Carro de panqueques

Capítulo 5


Huang Hai se paró frente a la sala de masajes de pies, confirmando con el mensaje en su teléfono: segundo piso, primera habitación a la derecha.

Entró en la tienda y se encontró con la mirada de la dama en camisón rosa a quien había visto la vez anterior. Fue un saludo familiar.

De pie en la entrada de la habitación que buscaba, se sonrojó al escuchar sonidos temblorosos provenientes de la habitación de al lado.

Peinándose el cabello hacia atrás con los dedos y frunciendo las cejas, giró el picaporte y abrió mucho los ojos al abrir la puerta.

«Tigre Feroz» estaba sentado en un sofá claro, fumando un cigarrillo. Sus ojos aún eran azules y su cabello rubio estaba atado en un pequeño moño en la parte superior de su cabeza. Con algunos hilos cayendo, Huang Hai no pudo decidir si era moda o provocación.

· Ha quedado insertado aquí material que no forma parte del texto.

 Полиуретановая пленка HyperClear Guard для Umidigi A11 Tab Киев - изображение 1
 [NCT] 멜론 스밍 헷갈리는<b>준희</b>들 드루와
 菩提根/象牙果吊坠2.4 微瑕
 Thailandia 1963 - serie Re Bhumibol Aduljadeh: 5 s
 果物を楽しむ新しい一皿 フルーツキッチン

Su escote estaba expuesto hasta el pecho y el tatuaje del paisaje se asomaba por debajo de su camisa blanca. También llevaba un par de botas de corte alto, haciendo alarde de sus piernas largas y rectas sin fin.

Huang Hai sintió que mirar era peligroso. Sacó mil dólares de su bolso y los deslizó hacia su acreedor.

—¿Por qué nos encontramos aquí? ¿Estamos en tu territorio?

Soplando un anillo de humo, Di Zang explicó:

—He estado trabajando aquí estos días.

Levantándose del sofá, no tomó el dinero sino que miró a Huang Hai de pies a cabeza.

—Tienes una buena figura.

Al ser felicitado por este hombre de piernas largas y ojos encantadores, Huang Hai se sintió un poco nervioso.

—No está mal, he estado jugando hockey sobre hielo últimamente.

—Discutamos algo —Di Zang apagó su cigarrillo en el cenicero—. No tomaré estos mil dólares. Déjame tomarte algunas fotos.

Sociedad subterránea, sala de masajes de pies, fotografías… Huang Hai sintió escalofríos.

—¡No puedes, todavía soy estudiante!

—¿Cuántos años?

—Diecisiete —Huang Hai se agitó—. Cumpliré dieciocho al final del año.

—No te preocupes, no voy a mostrar tu cara —Di Zang sacó una cámara réflex de su bolso—. Si quieres negarte, devuelve el carrito.

Cuando Huang Hai se dio cuenta de que solo quería fotos y no video, sintió menos miedo.

—Eso no servirá. El carrito ya ha sido usado. Ya te he dado mil dólares por un carrito inútil, ¿y todavía quieres más?

Di Zang le dio una mirada y murmuró con desdén:

—Olvídalo entonces, este niño aún tiene que crecer. Vete a casa a jugar.

Eso fue exactamente lo que Huang Hai despreciaba escuchar.

—¿A quién llamas niño? ¿Quién dijiste que aún tiene que crecer?

Arrojó su bolso al suelo y, como un gran jefe, se quitó la parte superior, dejando al descubierto sus anchos hombros y su delgada cintura. También tenía músculos del pecho y abdominales, aunque poco desarrollados.

—¡En unos años, no seré peor que tú!

Snap. Di Zang hizo clic en el obturador.

Una luz brillante destelló ante los ojos de Huang Hai. Sintiendo que lo habían espiado, una ráfaga de calor le recorrió el cuerpo.

Maldijo, avergonzado:

—¡Tú jodidamente…!

Se lanzó hacia adelante para arrebatarle la cámara.

—¿Y qué si estás en la sociedad clandestina? ¡Qué clase de miembro de la sociedad clandestina aprende fotografía como un entusiasta del arte!

Di Zang se aferró a la cámara. Empujándose mutuamente, ambos terminaron en la mesa de masaje. En ese momento, se escucharon ruidos procedentes del exterior. De repente, la puerta se abrió de golpe y siete u ocho hombres irrumpieron en la habitación, presionándolos mientras gritaban:

—¡Policía! ¡Detección de prostitución!